◆ Exercise ◆
Without including any pictures, write out the listing below exactly.

◆ The data ◆
----------

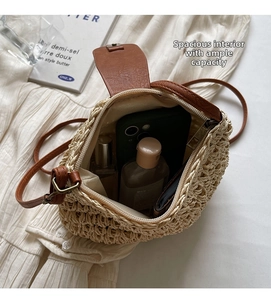 Detail view of woven straw crossbody bag interior showing phone and essentials capacity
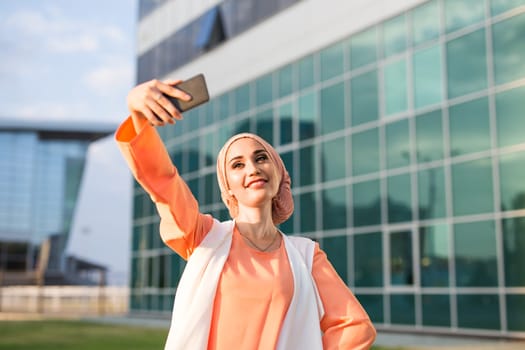 muslim woman taking selfie. girl in abaya on the background of the business center.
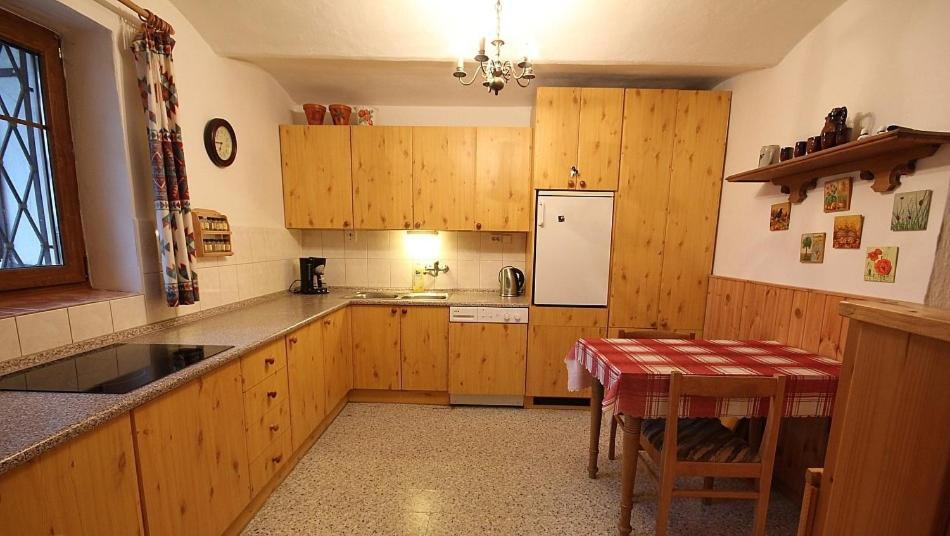 Kuchyň nebo kuchyňský kout v ubytování chata Pohoda, chata Kvítek, chata Western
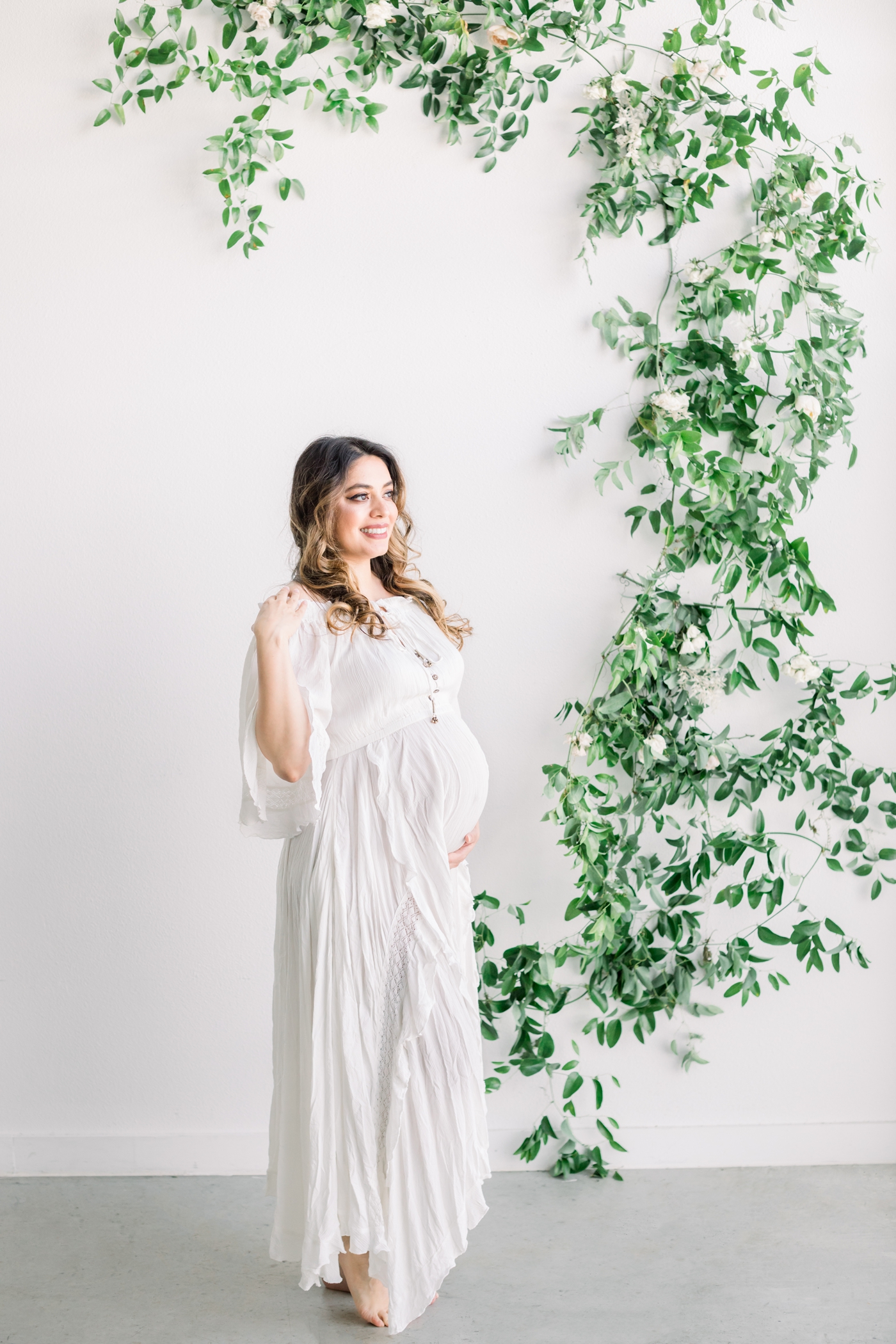 Pregnant mom wearing white maxi dress in studio with florals in the background. Photo by Sana Ahmed Photography.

----------

◆ Task response ◆
 Detail view of woven straw crossbody bag interior showing phone and essentials capacity
 muslim woman taking selfie. girl in abaya on the background of the business center.
 Kuchyň nebo kuchyňský kout v ubytování chata Pohoda, chata Kvítek, chata Western
 Pregnant mom wearing white maxi dress in studio with florals in the background. Photo by Sana Ahmed Photography.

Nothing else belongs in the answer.